Growth Energy, the pro-ethanol lobby group, is totally cool with the EPA's plan to put warning labels on pumps that dispense higher percentages of the homegrown fuel additive, including the recently approved 15 percent blend for newer vehicles. It just wants to make sure that they don't look much like warning labels.

More specifically, the group wants to tweak the EPA's proposed design in order to swap out the blaze orange and exclamation points with calming periwinkle blue and sotto voce periods. Growth Energy filed formal comments, some 19-pages worth, with the EPA outlining its support for the federal agency's new labeling rules aimed at keeping motorists with cars made before 2007 from unwittingly filling up with E15 gasoline.

Growth Energy's label idea swaps out the word "CAUTION!" and replaces it with the more soothing "ATTENTION." The Growth Energy version also removes this key phrase "This fuel might damage other vehicles."

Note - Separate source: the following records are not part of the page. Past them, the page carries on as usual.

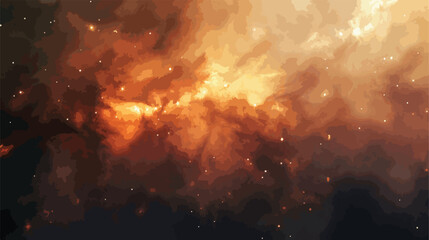 Stars dust and gas nebula in a far galaxy. Elements o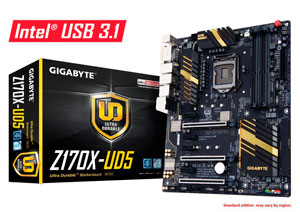 Gigabyte GA-Z170X-UD5 Motherboard LGA 1151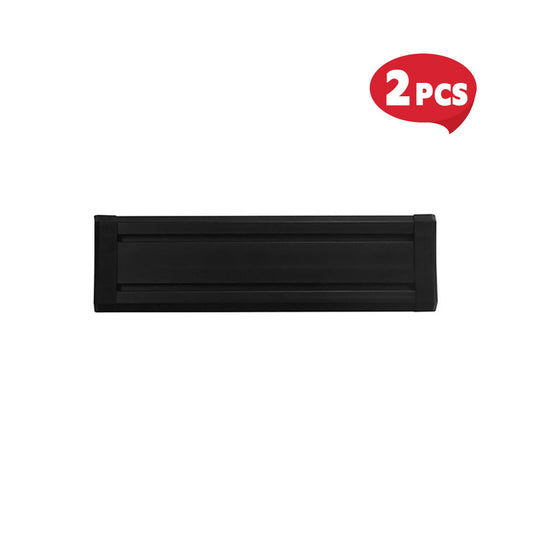 PVC Garage Track Slatwall with Caps Black -1200 x 150mm  Steelmates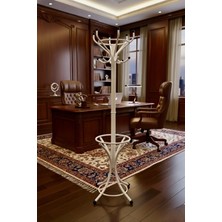 Maison Luré Askılık Beyaz Metal Portmanto Hol Antre Büro Ofis Rack Hanger 100KG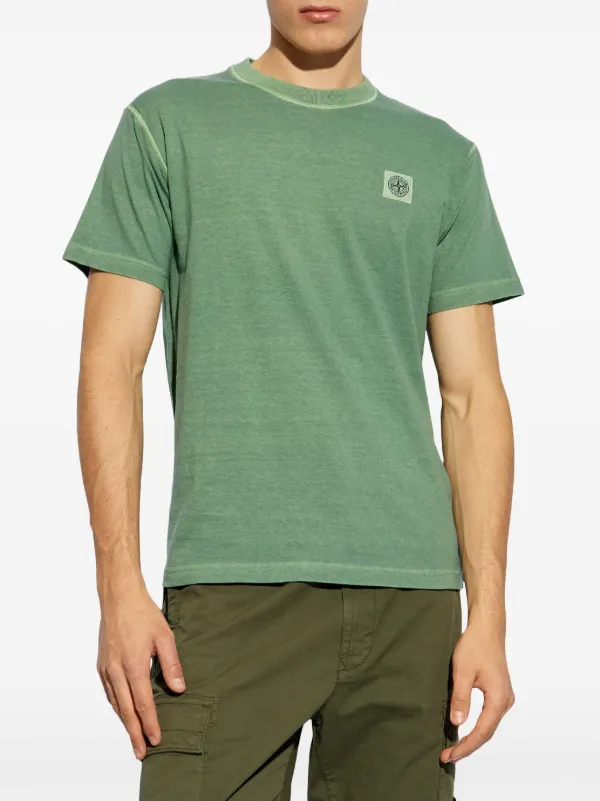 Stone Island ロゴ Tシャツ | グリーン | FARFETCH JP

Growth Energy's reasoning behind the kinder, gentler label:

This design provides all information necessary for consumers to make an informed fuel choice and does not inappropriately impact marketplace perceptions of the fuel.
Growth Energy is really into labels, apparently believing that this is the key to winning over consumers and changing their pumping habits. This is the same group that launched the Label My Fuel initiative to require a national standard of country of original labeling for fuel. Basically, a "born in" label for fuel, which is way more complicated than one might expect.

Here's the problem with their design, and the EPA's, I might add. Consumers are generally horrible at noticing labels or signage of any kind whether it's orange, red or in little blinky lights. Making it even more subtle handicaps the consumer, and that's not good for anyone, ethanol industry included.